Differential throughput estimation, i.e., predicting the performance impact of software changes, is critical when developing applications that rely on accurate timing bounds, such as automotive, avionic, or industrial control systems. However, developers often lack access to the target hardware to perform on-device measurements, and hence rely on instruction throughput estimation tools to evaluate performance impacts.

State-of-the-art techniques broadly fall into two categories: dynamic and static. Dynamic approaches emulate program execution using cycle-accurate microarchitectural simulators resulting in high precision at the cost of long turnaround times and convoluted setups. Static approaches reduce overhead by predicting cycle counts outside of a concrete runtime environment. However, they are limited by the lack of dynamic runtime information and mostly focus on predictions over single basic blocks which requires developers to manually construct critical instruction sequences.

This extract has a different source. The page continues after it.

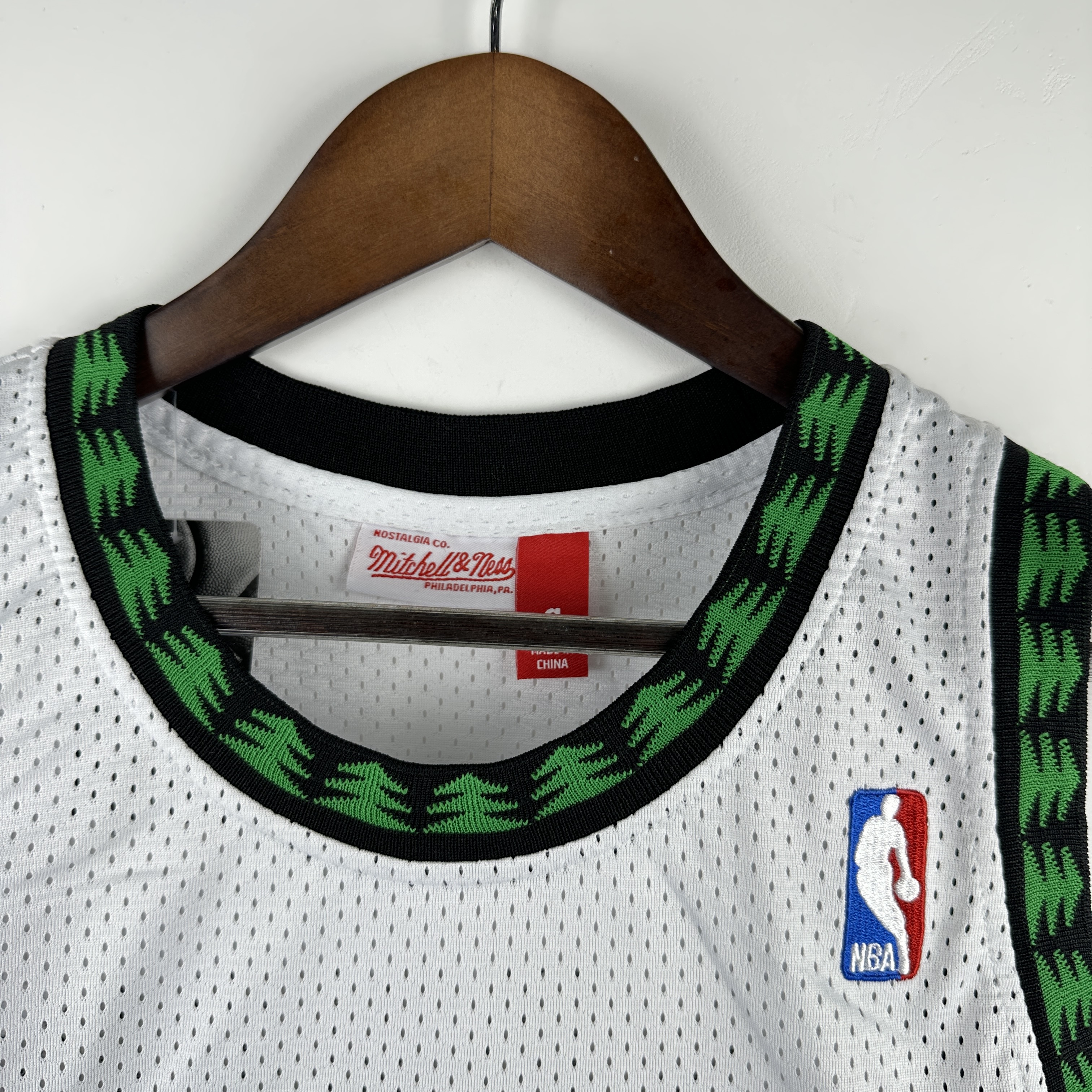 Embroidered MN retro jersey Timberwolves 97/98 season white No. 21 Kevin Garnett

We present ABCD (The actual name has been redacted for anonymous review), a hybrid timing analysis framework that combines the advantages of dynamic and static approaches. Instead of relying on heavyweight cycle-accurate emulation, ABCD collects instruction traces along with dynamic runtime information from QEMU and streams them to a static throughput estimator. This allows developers to accurately estimate the performance impact of software changes for complete programs within minutes, reducing turnaround times by orders of magnitude compared to existing approaches with similar accuracy. Our evaluation shows that ABCD scales to real-world applications such as FFmpeg and Clang with millions of instructions, achieving < 3% geo. mean error compared to ground truth timings from hardware-performance counters on x86 and ARM machines.